Tudo, dentro do processo da comunicação, tem uma intenção. Assim, sempre que falamos em "imparcialidade", é preciso abordar o assunto com cautela. Não há textos imparciais, porque são escritos por pessoas, que têm suas opiniões, sentimentos, ideias e desejam transmitir uma mensagem. Desde a escolha lexical até o estilo com que se produz um texto, tudo é influenciado pela história de vida de quem escreve. O diferencial, em alguns casos, é como esse ideal de imparcialidade é desenvolvido nos veículos jornalísticos.
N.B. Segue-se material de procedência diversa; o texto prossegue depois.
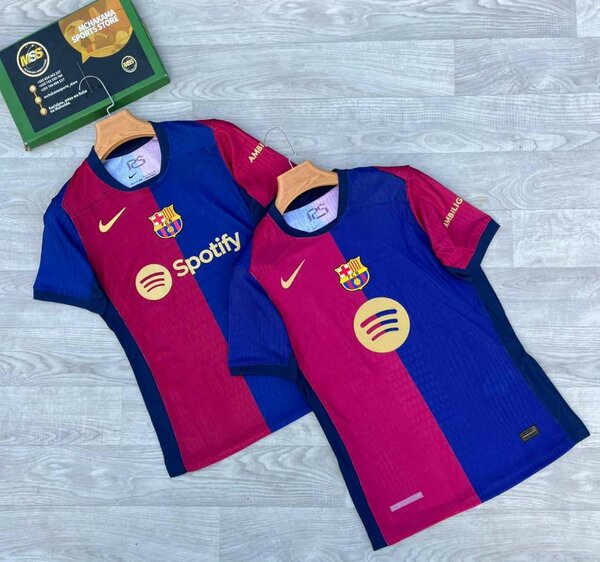 JERSEY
Há espaço para expressão das opiniões, por mais que o ponto de vista incomode por vezes o público. Recebo frequentemente queixas de leitores reclamando de um e outro jornalista do O POVO, devido às opiniões manifestadas em seus artigos e colunas. Em muitos casos, não se pode mudar uma opinião, mas, em outros tantos, é possível refutar esses julgamentos.

É certo também que, quando um jornalista do O POVO manifesta suas convicções nas páginas e mídias do jornal, há uma tendência de repercussão maior do que de um articulista que não tenha tanta visibilidade no veículo - o que é válido dada a experiência do jornalista, sua formação e capacidade técnica de analisar a situação.

O que não deve existir é a concentração de um dos lados de um mesmo tema. Quando o jornal opta por publicar constantemente apenas opiniões de um mesmo lado ou insiste em veicular pontos de vista que privilegiem um dos envolvidos na história, temos um desequilíbrio, e o ideal de imparcialidade se esvai.

Intenção

Desse modo, não há problema algum no fato de os jornalistas manifestarem seus posicionamentos nos espaços apropriados para isso - desde que se responsabilizem pelo que escrevem. Artigos, colunas e pontos de vista existem exatamente para essa finalidade. O que não deve haver é uma intencionalidade velada, é escrever tentando fazer o leitor acreditar numa pretensa neutralidade, que, como sabemos, não existe, a despeito do que ditam alguns manuais de jornalismo. Fingir que não há um propósito para aquilo, sim, é desonesto.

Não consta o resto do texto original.